Sunday, 25 September 2011

A situation engineered to develop a clear understanding of weight and time, through direct physical experience. A lesson reinforced with the application of shock.

Influenced somewhat by a diluted understanding of Buddhist philosophy, Daniel Goodwin is interested in the perception of reality and the flaws of a perception hindered by the uninhibited murmurings of the mind. 
The situation that the work enforces is an attempt to silence the mind with the use of physically demanding actions, encouraging a clear understanding.

The work comprises of two parts, the sculptural object, that is the situation, and the event, represented through video… holding a concrete weight underneath a bucket of water that is held up by a large steel structure, the artist drops the weight due to fatigue, in dropping the weight he cuts the rope that holds the bucket, releasing water onto himself. 

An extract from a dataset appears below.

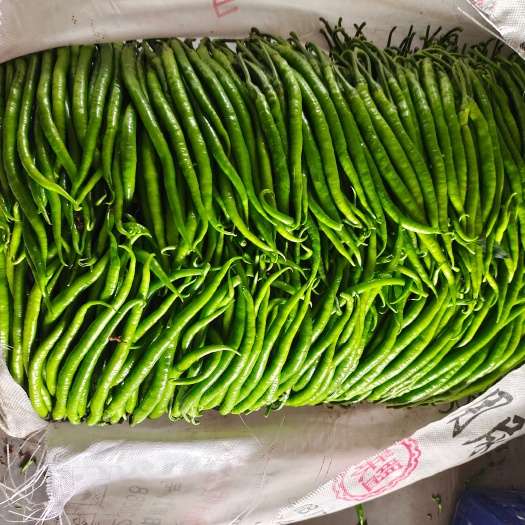 昌乐县 山东线椒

The physicality of the work recalls the work of the Dutch artist Bas Jan Ader, who often presented videos showing himself falling, using gravity as a medium.
Within Daniel Goodwin’s practice there lies an inconsistency, somewhere in-between the initial idea and the physical act, a knowingly hypocritical plunge into thought (of the mind and opposed to the physical).  The inclination towards a physical justification of things is hindered by the design of such situations, which is conducted in a mostly mental arena. 

The foundations for this work are trembling and underdeveloped.  The diluted understanding of Buddhist philosophy, which this work is built upon, cannot support the complexities of the completed structure. 

Farcical from the beginning, hypocritical in its development and absurd in the final act; drenching yourself in water to learn a lesson? 
In this absurdity the work finds reference in the work of Andreas Slominski.  He often employs a wry sense of wit in his work, which is usually based on problematic ideas; mocking the usual way of doing things he often chooses a more awkward route.  In doing this he places emphasis on the process and creates a curious fascination about his practice.

Daniel Goodwin’s work revels in absurdity although the artist remains deadpan, increasing the opportunity for humour and revealing a genuine interest in the work.